HAIKU日本2016冬の句写真俳句大賞

大賞

干し大根トンネルの香の甘きかな

[ 奈良県奈良市 堀ノ内和夫 ]

(評)大根の香りに着目したところに、この作品の味わいがあります。干し大根のトンネルという表現もおもしろい。写真も青空に大根が映えて、干した大根がトンネルになっています。この構図がいいですね。
大根の香りが甘いと称されているのが、春を感じさせ、あるいは見る人によっては故郷を感じさせて、それぞれの懐かしい光景を思い出させてくれるのではないかと感じます。

次点

降り止まぬ銀杏落ち葉に手をかざす

[ 熊本県天草市 鈴井真佐子 ]

(評)一瞬の風にあおられ、降りしきる銀杏の美しさが想像できます。

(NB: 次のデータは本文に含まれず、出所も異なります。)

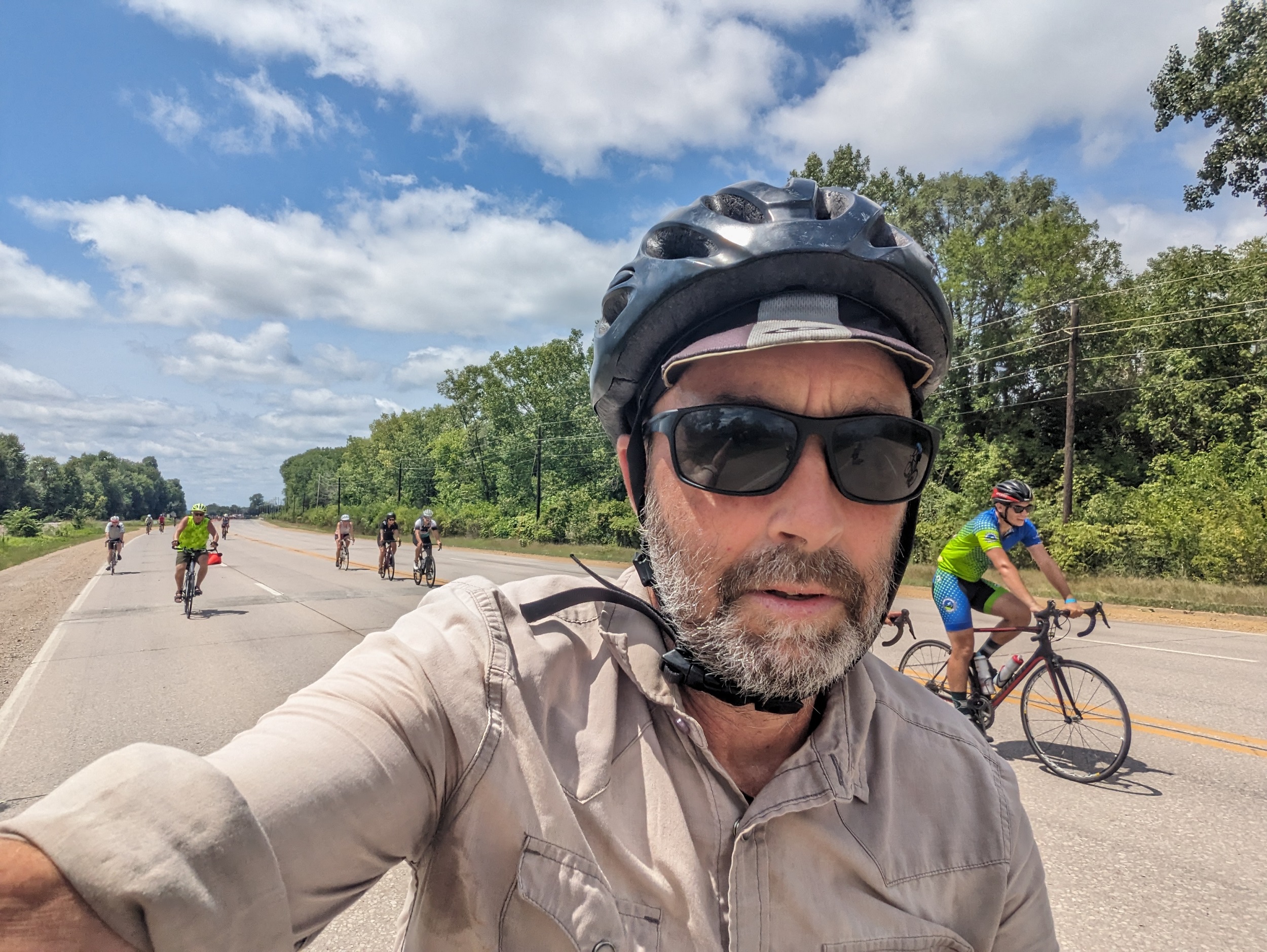 Me looking at the camera while riding the bike, other cyclists are behind and to my left.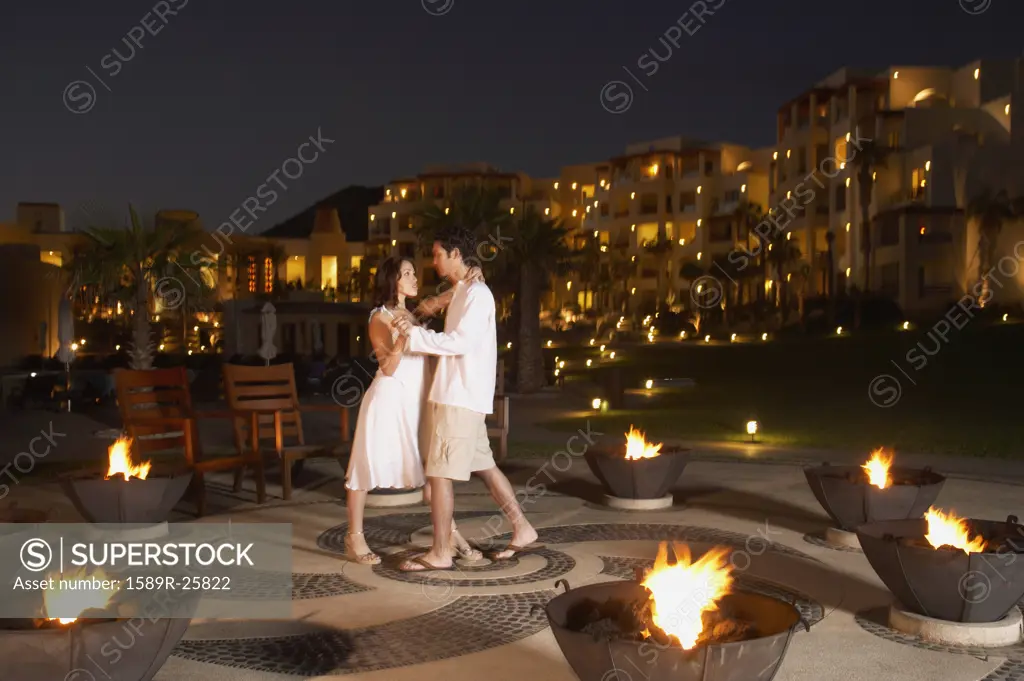 Couple dancing outdoors at resort hotel at night, Los Cabos, Mexico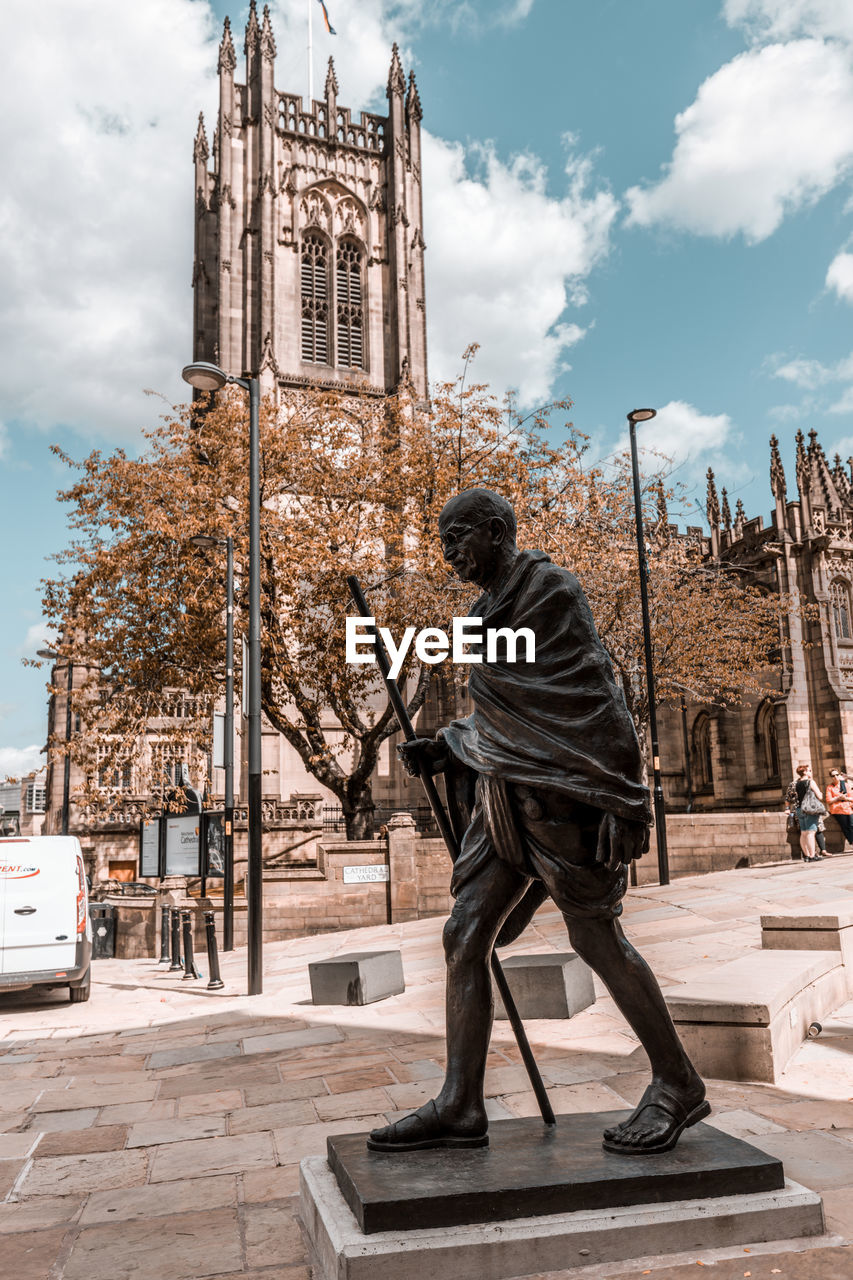 Ghandi statue in front of manchester cathedral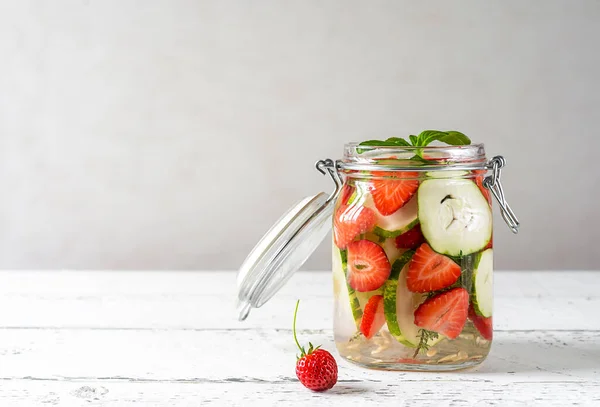 Infused water in glass jar with strawberry and a meloncella that is hybrid of cucumber and melon, thyme, Copy space. Healthy beverage concept without sugar added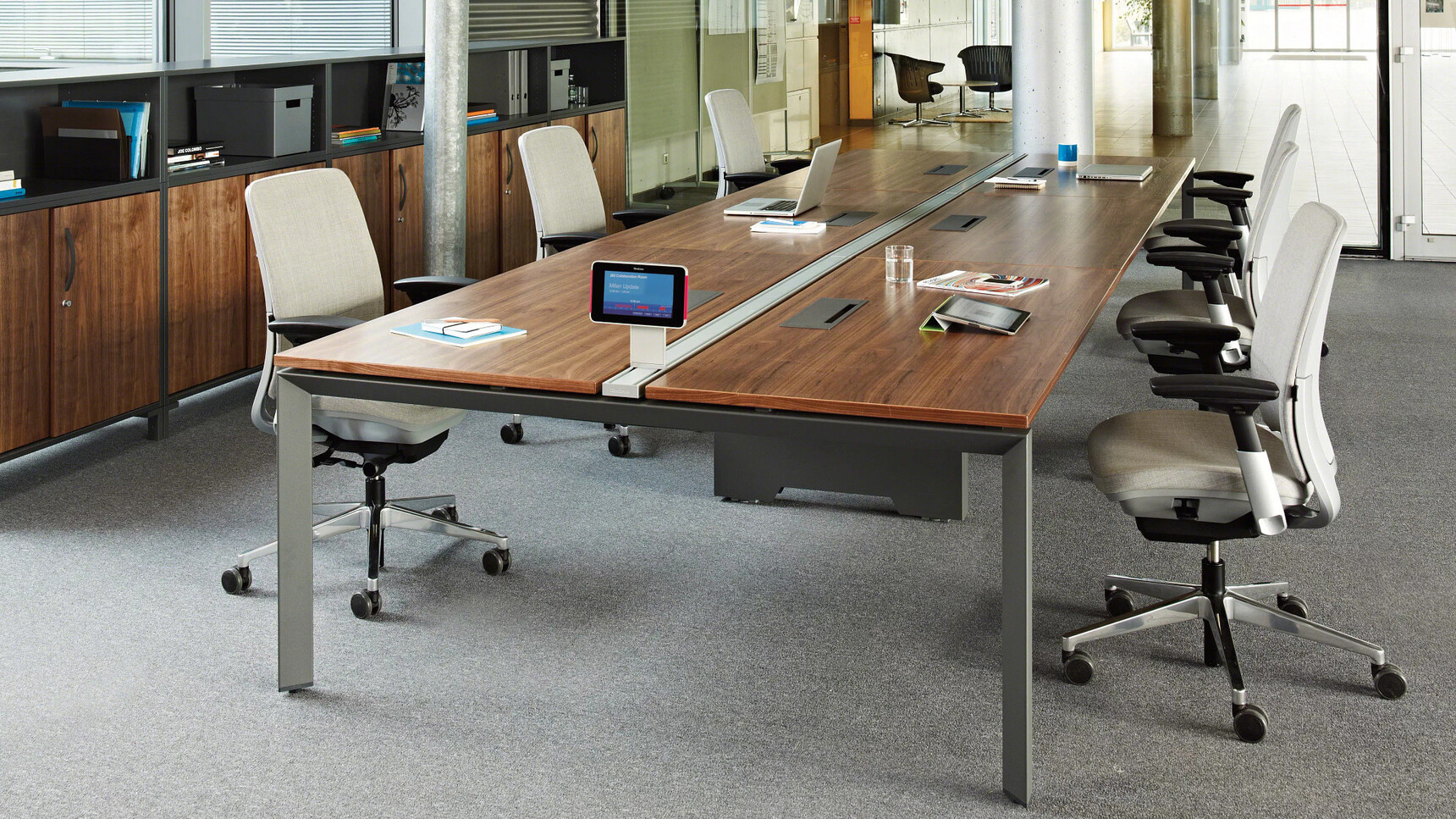 Six Steelcase Amia Platinum Office Task Chairs At Wood Meeting Table In Office Setting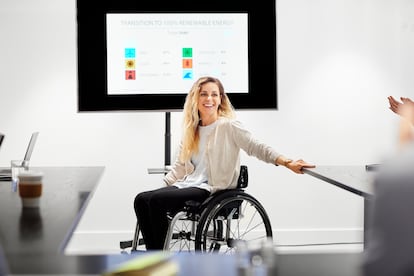 Una mujer con discapacidad realiza una presentación en una empresa.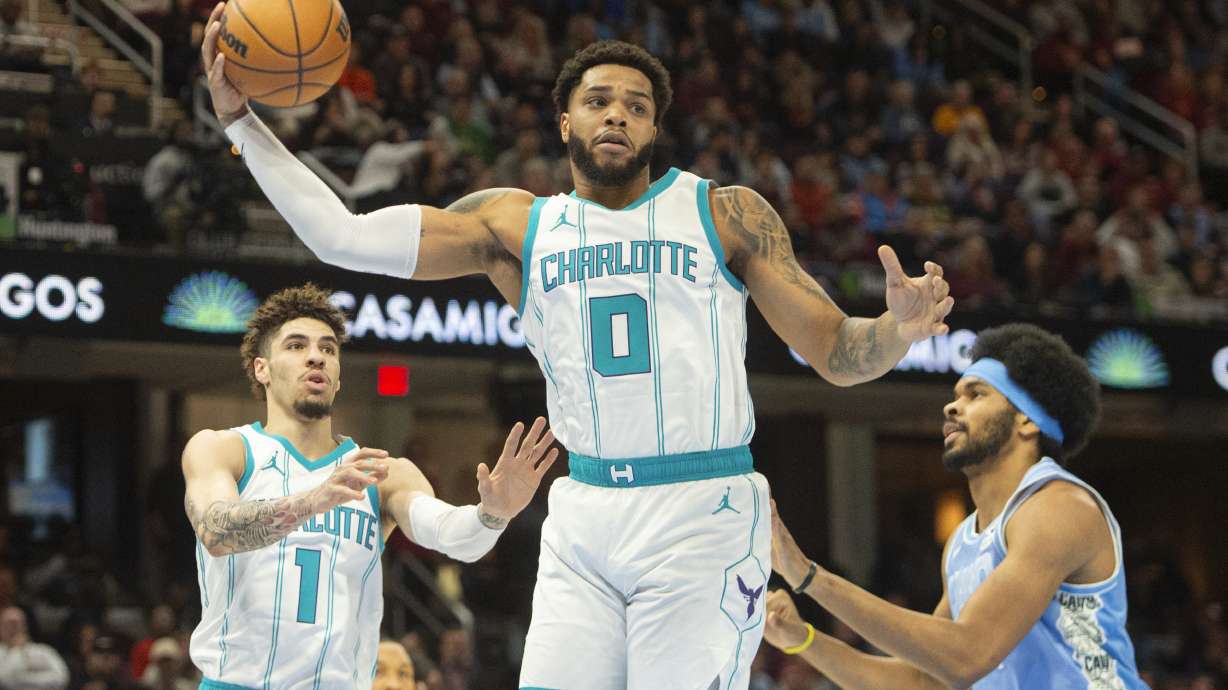 Charlotte Hornets' Miles Bridges (0) grabs a rebound in front of Cleveland Cavaliers' Jarrett Allen, right, and LaMelo Ball (1) during the first half of an NBA basketball game in Cleveland, Sunday, Nov 17, 2024.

堆く積もった銀杏落ち葉の写真もきれいです。
手をかざしても時間は止められないのだということを、降り止まぬ銀杏になぞらえていて、心切なくなります。広場に一本だけ立った半分葉の落ちた銀杏と、奥の古いけれど立派な家の対比も、ここまで生きてきたんだという時の流れを感じさせていいですね。

<秀逸賞>

短日やポストに届く音静か

青森県八戸市 宮本三千歳

(評)短日は、冬至に向かう十二月の感じが色濃いですね。日の出は遅く、木々の影と落葉が枯れた景を強めます。目は覚めていて、耳を澄ませていたのでしょう。配達人が早朝の暗がりの中、音を出すまいとそっと届けてくれています。静まり返った中に、小さな音が届いたという生活の中の実感です。この季節特有のおもしろい味が出ています。

日が差しているだけで良しお元日

千葉県浦安市 白井桃香

(評)何かと気忙しかった年末から一夜明けただけで、ゆったりとした気分になるのが元日。昔も今も変わらないお正月の気分です。「日が差しているだけで良し」は簡単明瞭でまさにその通りです。新しき年の始めは、ゆったりと始まります。お元日という呼び方に、何とも言えない慎みと親しみが込めれれています。

寒梅の固く冷たき垣根かな

東京都目黒区 岸本現世

(評)寒梅は、晩冬に花を開く梅。この梅が今年はまだ、蕾も固く触ってみるとひんやり冷たいという。写真全体の雰囲気からも、冷え冷えとした感じが伝わってきます。何気ない自然のままの庭の一角。こんな一隅が俳句になります。気の利いた洒落っ気のある挨拶句となっています。

野水仙陽の射す場所に咲いてをり

神奈川県藤沢市 吉田とも女

(評)野水仙は寒気の中に凛として咲き、気品ある美しさがあります。陽の射す場所にあることで、美しさが際立って捉えられます。写真では、電柱のそばに一輪咲いています。しっかりと、作者の心に響いたのでしょう。いつまでも咲いていてほしいという心情が読み取れます。

気になって中身確認お年玉

群馬県高崎市 今野信夫

(評)お年玉は、本来神様からの賜り物。神棚に供えた餅玉から名前が付いたと言われます。写真は、正月の朝の食事時。男の子は我慢できずに、中身を確認しています。無邪気な様子が伝わってきます。この句には、単純明快な表現の良さがあります。

春近し古書店に買う古書100円

徳島県徳島市 笠松怜玉

(評)色々なものを百円ショップで売っていますが、この本は古書店で見つけたもの。帯には「分け入っても」の代表作が印字され、まさに掘り出し物でしょう。古書店、古書の頭韻も、この句の味わいとなっています。「春近し」の季語が効果的で一層、心楽しい気持ちにさせてくれます。

冬夕焼けいつもの昭和に帰るとこ

徳島県徳島市 今比古

(評)冬夕焼けと昭和の取り合わせに、心が魅かれます。冬の夕焼けは、夏の夕焼けに比べて短く、淡く、はかなく感じられます。どこか懐かしい昭和に、私たちを連れて行ってくれるのでしょう。「帰るとこ」というすっきりとした表現の中に、作者の思いが込められています。木の電柱に白熱灯。心の中のもう一つの写真で、昭和を味わっています。

里の家また一つ消え枇杷の花

佐賀県佐賀市 佐々木元

(評)枇杷の花は、黄色味を帯びた白く小さな五弁の花です。あまり目立たず、ひっそりとしています。その枇杷の花が残されたまま、家人がいなくなりました。山間地などでは、高齢化が急速に進んでいます。そして、また一つ人住まぬ家が増えました。訪れる人の少ない静かな景に、枇杷の花のイメージが合っています。

※俳号で応募された方は、原則として俳号で掲載させて頂いております。